Dan leaned to toggle the 21MC. “Combat Systems, bridge: captain. What’ve you got?”

“Electrical fire, Captain. Equipment Two. The Combat Systems rover opened the door and it’s a sheet of flame in there. We’re securing power.” With the last syllable the bridge powered down. Fans whirred down the scale. Screens went blue, then blank. Silence welled up from wherever it had lurked all this time. The ship … creaked. The wind sighed. Something topside went clunk.

Equipment Two was a couple decks down. Dan tried to dismount from his chair but got hung up on the seat belt. Unstrapped, he headed for the ladderway. The door was dogged. He hesitated; placed the back of one hand against it. The steel was cool. He barked to Singhe, “Shift to sound-powered circuits. Shift to manual backup. Keep those lookouts alert.” Then sucked a deep breath, heeled the dogs free, and jerked the door open.

A puff of white smoke welled up. He slammed and dogged it again and stood shaking, trying to regain control. But … but … No. He did not want to breathe that. Icy sweat broke across his back. The nav team regarded him curiously. He shot a glare at them, then instantly looked away, not feeling proud. In fact, deeply shamed.

“All right, then. General quarters,” he said.

* * *

An hour later he stood in the passageway outside his sea cabin. Contemplating the fact that if he’d been in there, he’d have been trapped. The firefighting team had used water fog to fight their way into the radar compartment, and CO2 to douse the flames. Fortunately they’d contained the fire. The repair team leader stood panting and smoke-stained, mask dangling, sooty gloves tucked into his belt, talking to the Combat Systems watch officer. Past them, through a half-open door with a wavy, melted plastic warning placard that read CAUTION DO NOT ENTER VOLTAGE DANGEROUS TO LIFE, equipment steamed and smoked. “A coolant hose,” a chief missile fire controlman named Slaughenhaupt was saying. “We’ve got six megawatts of power out through here. As much as your typical shoreside power plant. So there’s a lot of heat generated. At an incredible voltage. Come in here while it’s operating, it’s like standing in the presence of Zeus.”

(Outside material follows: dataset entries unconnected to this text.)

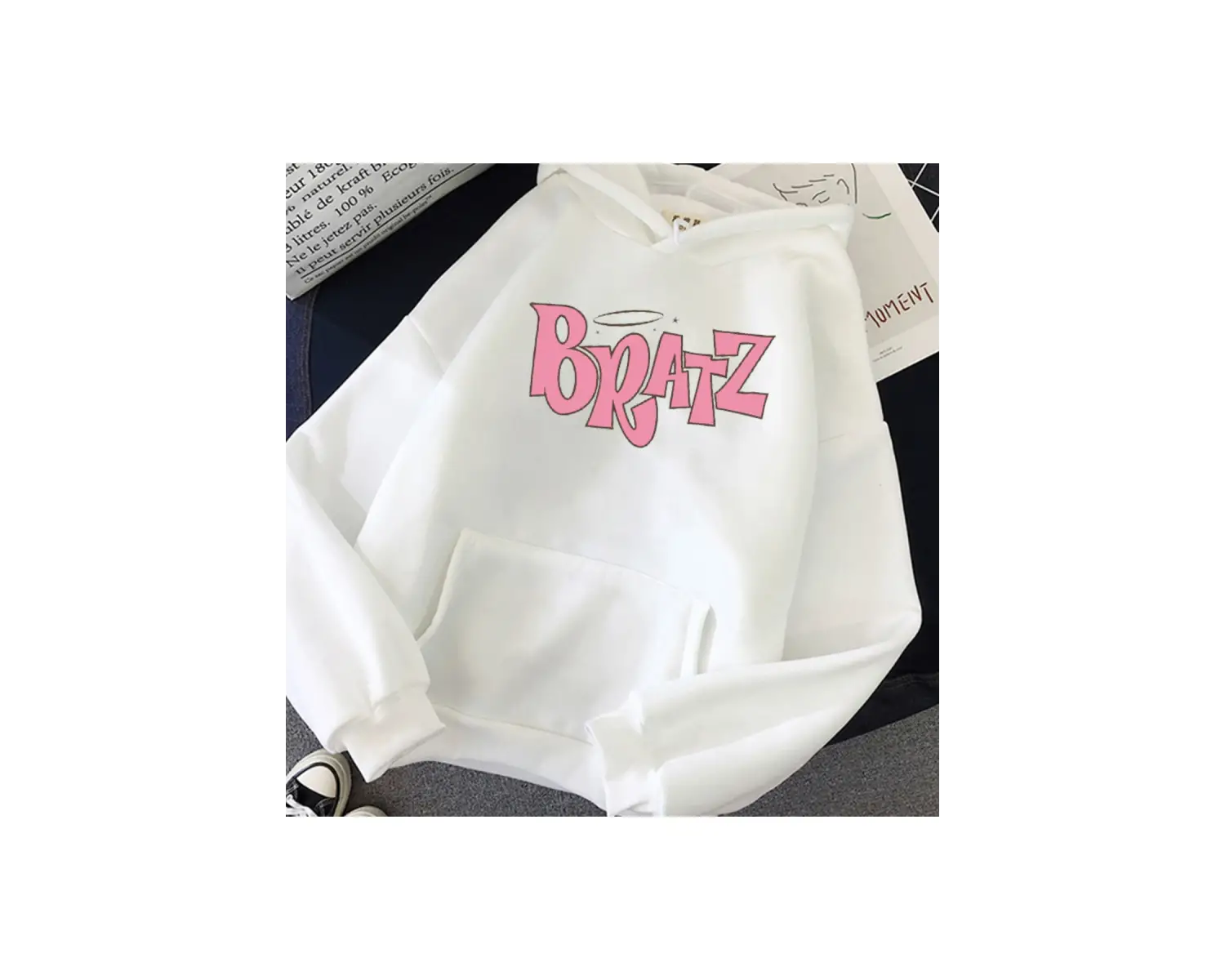 Beyaz Unisex Bratz mektup baskılı kapüşonlu sonbahar ve rahat öğr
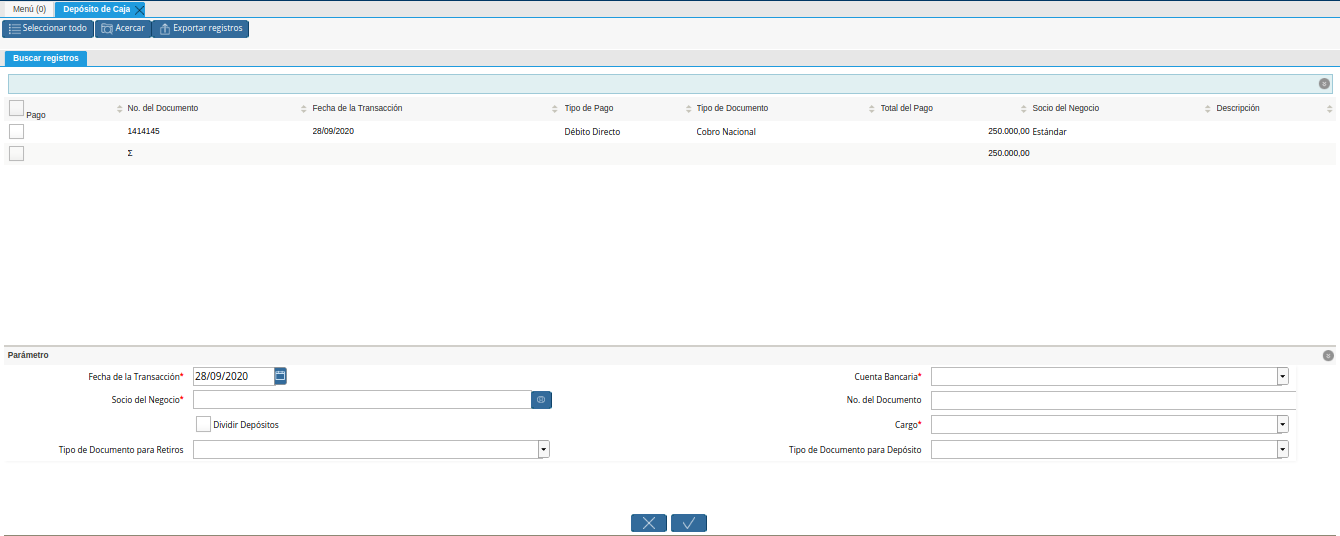 Ventana de Búsqueda Inteligente Depósito de Caja 2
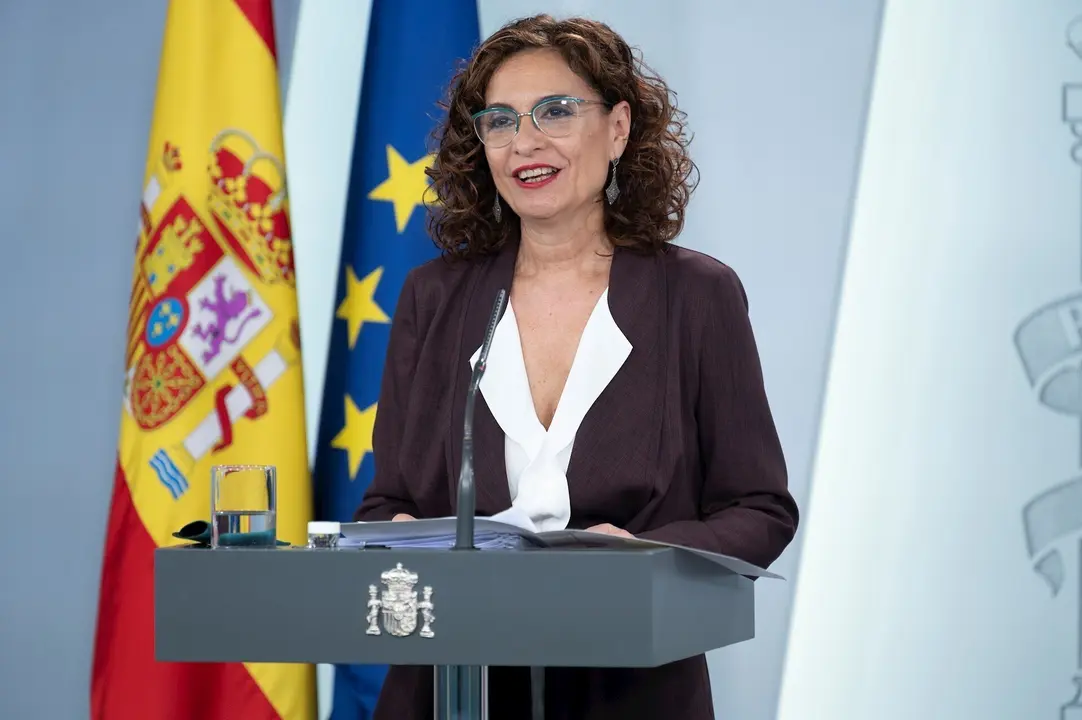 La ministra de Hacienda y portavoz del Gobierno, Mar&iacute;a Jes&uacute;s Montero, durante una rueda de prensa tras el Consejo de Ministros, en Madrid (Espa&ntilde;a) a 7 de abril de 2020.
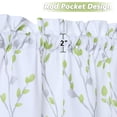 thumbnail image 3 of Leaf Floral Print Valance, Rod Pocket Branch Embossed Textured Short Curtain Valance, 3 of 7
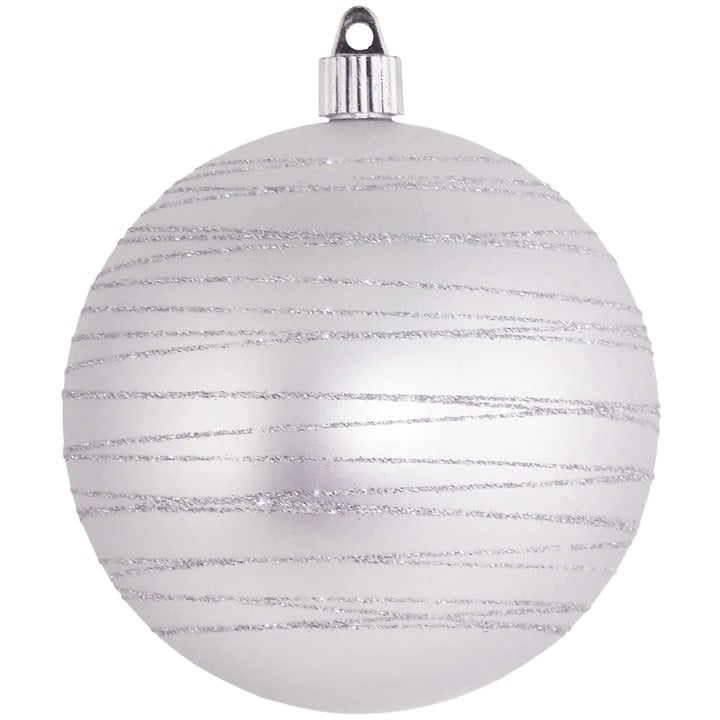 5" Matte Glitter Shatterproof UV Ball Ornament Set Of 4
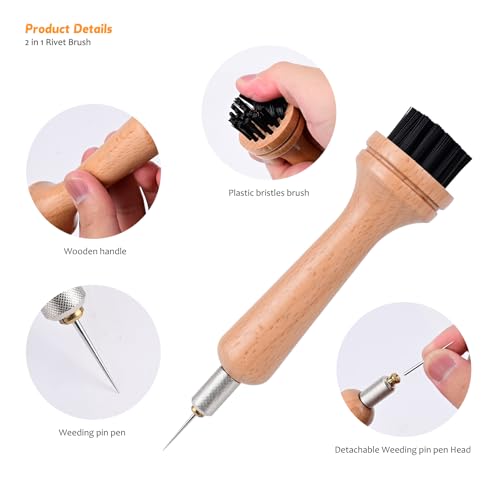 EHDIS Vinyl Wrap Roller Car Wrap Tools Sponge Wallpaper Roller Tool 2 in 1 Rivet Brush Applicator with Weeding Pin Pen for Adhesive Vinyl,Graphics Reflective Film on Rivets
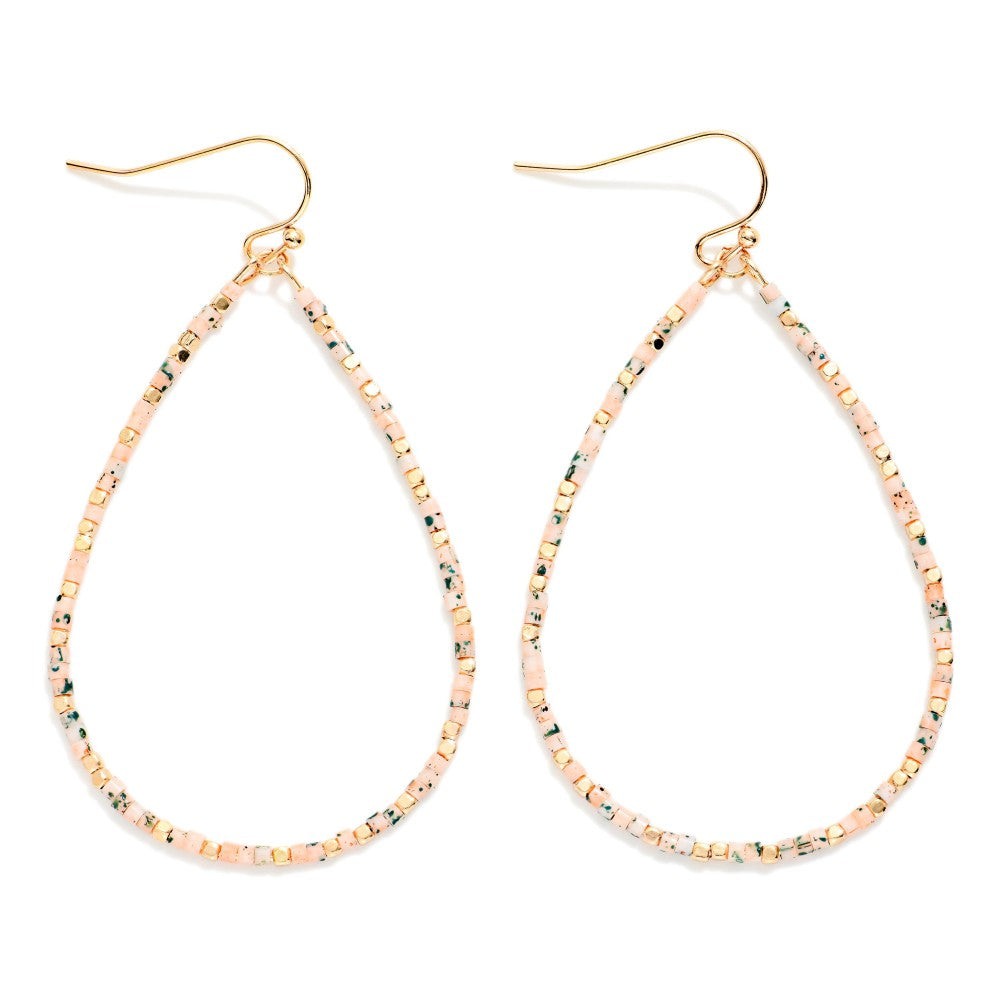 Seed Beaded Teardrop Hoop Drop Earring - Baby Pink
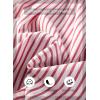 image:imageSHEWIN Womens Blouses Summer Striped Crewneck 34 Tie Sleeve Tops with Button Decoration On BackRed Stripe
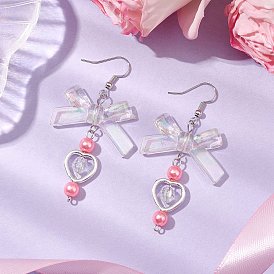 Acrylic Dangle Earrings for Women, with Iron Earring Hook Findings, Bowknot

Dan asked him, “And it’s water cooled?”

“Yessir, the system runs chilled water through the chassis plates. You’ve got a seawater loop and a secondary distilled-water loop. Looks to me, the hose worked loose. So when we took that heel, it comes off. Shoots water all over, and bam—major-league fireworks.”

Dan leaned in. Steam eddied up from scorched metal. It stank of pyrolysis and what smelled like burnt chicken feathers. “How long will it take to get everything back in operation?”

Slaughenhaupt glanced away as Donnie Wenck joined them. Lifted his shoulders, then dropped them. “Don’t think that’s gonna happen, sir. See that silver stuff all over the deck? That’s solder. This is gonna take a complete rebuild.”

Dan sucked air, looking down at the smoking pools of hot metal. “So we can’t radiate.”

“Well, not true, sir. This is one driver-predriver. We got six. Three forward, three aft. You need two to operate a transmitter at full power. You leave the other in standby; that’s your backup.”

“So we can run the forward radar?”

“Yessir. We just don’t have the backup”—he nodded at the steaming equipment—“in case another DPD goes down.”